Whoever is charged with a felony and is released from custody under bail, recognizance, or a conditioned release and willfully fails to appear before the court granting such release when legally required or to surrender himself within three days thereafter, shall be guilty of a Class IV felony, in addition to any other penalties or forfeitures provided by law.
Whoever is charged with a misdemeanor or violation of city or village ordinance, conviction of which would carry a jail sentence of more than ninety days, who is released from custody under bail or recognizance or conditioned release and who willfully fails to appear before the court granting such release when legally required to surrender himself or within three days thereafter, shall be guilty of a Class II misdemeanor, in addition to any other penalties or forfeitures provided by law.
Source:Laws 1971, LB 274, § 1; Laws 1977, LB 40, § 115.
As used in this section, failure to appear before the court includes a convicted defendant who willfully fails to comply with a sentencing court's order to report to a court-designated officer who is legally authorized to take him into custody so that he may begin his sentence after a conditioned release or a release under recognizance. State v. Moss, 240 Neb. 21, 480 N.W.2d 198 (1992).
Court when releasing a defendant on bond need only inform defendant of special or unusual condition of his bail attached thereto and no duty exists to inform the defendant of obvious condition to return to the court as ordered nor inform defendant of possible penalty for failure to appear. State v. King, 214 Neb. 855, 336 N.W.2d 576 (1983).

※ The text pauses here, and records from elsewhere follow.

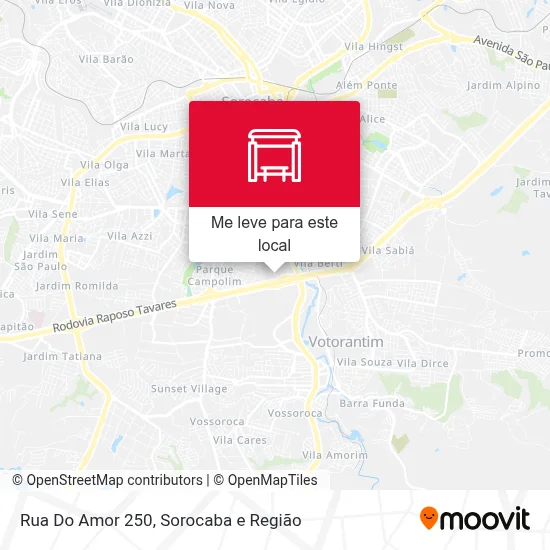 Rua Do Amor 250 mapa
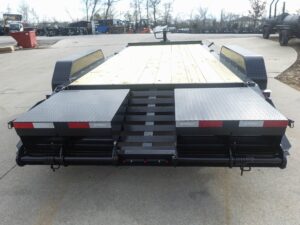 7′ x 18′ Equipment Trailer Dovetail King Kong Ramps 2- 7k Axles 14k GVWR - Image 8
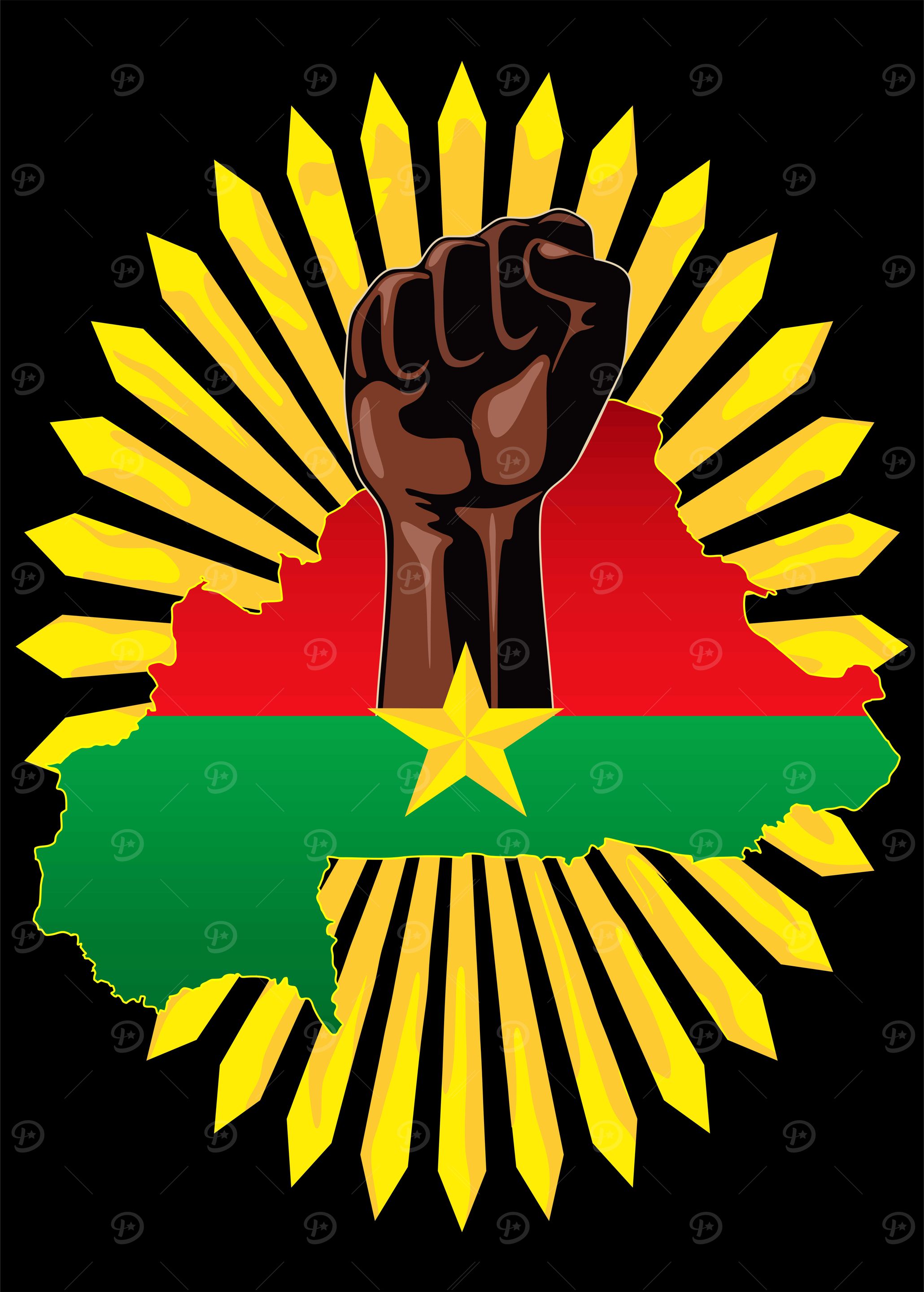 Burkina Faso Fist of Unity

A defendant who is released following imposition of sentence under a stay of execution with orders to reappear upon further order of the court has been "released from custody under a conditioned release" within the meaning of this section, and violates said provision by failing to appear when so ordered by the court. State v. Robinson, 209 Neb. 726, 311 N.W.2d 7 (1981).
A person already found guilty of a felony is still a person "charged with a felony," under the terms of this section. State v. McDaniel, 205 Neb. 53, 285 N.W.2d 841 (1979).